猪野侑子先生は二年C組の担任で、自称二十七歳。耳が少し隠れるくらいのショートカットの黒髪にパンツスタイルの灰色スーツ、片手に大きな授業用ファイルを抱えて校内を歩いていれば、大体猪野先生だ。男勝りで強気なところは先程の先生の様子を見れば一目瞭然だが、恐れられる存在と言っても過言ではないだろう。
恐ろしい印象とは裏腹に、生徒からの信頼は厚い。何でも先生に恋愛相談すると本当に恋が叶う、運動部の練習メニューを見直してもらうと次の試合で勝利するなどという、ほぼ百発百中の助言欲しさに連日職員室に押し掛ける生徒もいる程だ。
そんな猪野先生の悩みの種の一つが、東雲君の授業態度だ。何度も起こして音読させてみても、今年に入って彼がずっと起きていた授業は一つもない。
「五ページじゃ昼寝前の運動も同じなのね……次はもっと増やしてみようかしら」
「そ、それは可哀想なのでは……」
東雲君はよく寝る。それはどの授業でも同じらしく、猪野先生の授業に限った話ではない。

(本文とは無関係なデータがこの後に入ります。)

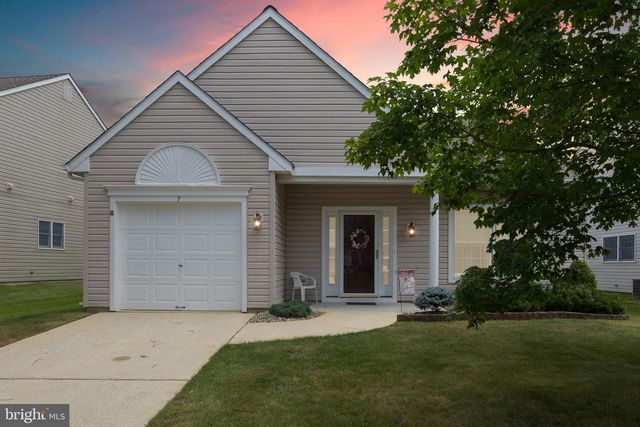 7 COVERED BRIDGE CIR, Columbus, NJ 08022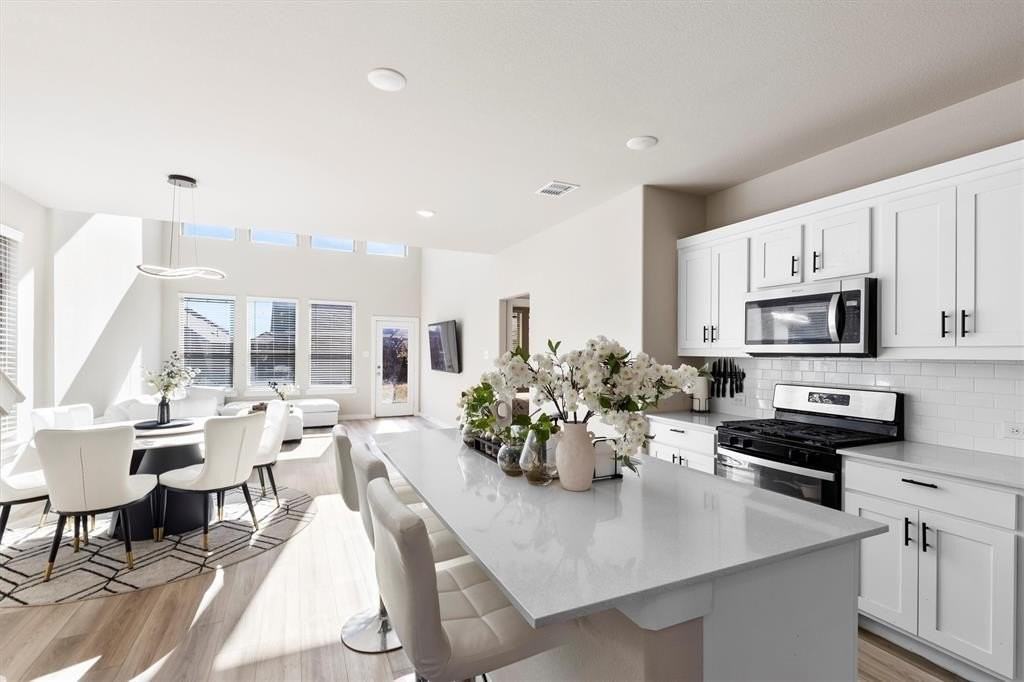 615 Cottagewood Drive - Photo 7 of 25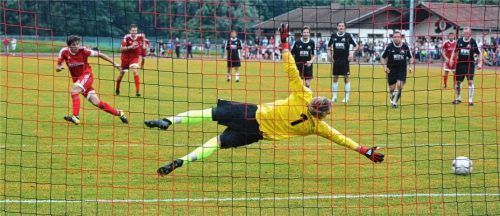 Die Entscheidung in der Nachspielzeit: Söllhuben-Kapitän Dominik Spanovic überwindet Riedering-Keeper Peter Schauer mit einem platzierten Schuss vom Punkt.Fotos Ruprecht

疲れて寝ているのかと思えば、彼が部活動に入っていることもアルバイトをしているとも聞いたことはない。よく話す友人もいるのかも分からない、クラスで浮いているすべてが謎の人物だ。
「そういえば授業前の戸田と桜井は何だったの? 生徒指導まで引き連れちゃってさ」
「あー……実は――」
従業前の騒ぎを簡単に説明すると、猪野先生は眉をひそめた。
「牛山が犯人なワケないでしょ。授業にちゃんと出てるの知ってるし、部活入ってないけど颯爽と教室から出て帰宅しているの見てるし」
「先生……それ、私の身の潔白を証明できる証拠になってないです……」
味方がいない中でも数少ない証拠にはなったかもしれないけど。
「でも手をあげたのはダメよ。暴力で解決するのは絶対ダメ。手が出たら負けなのよ。それが例え男でも女でも、守りたい理由とか格好良いことを謳ったところで結局罪悪感しか残らないんだから」
「……はい、すみませんでした」
罪悪感しか残らない。――猪野先生の言葉に引っかかるも、素直に頷いた。殴った後の罪悪感の他に感じたあの優越感は私の中のエゴイズムなのかもしれない。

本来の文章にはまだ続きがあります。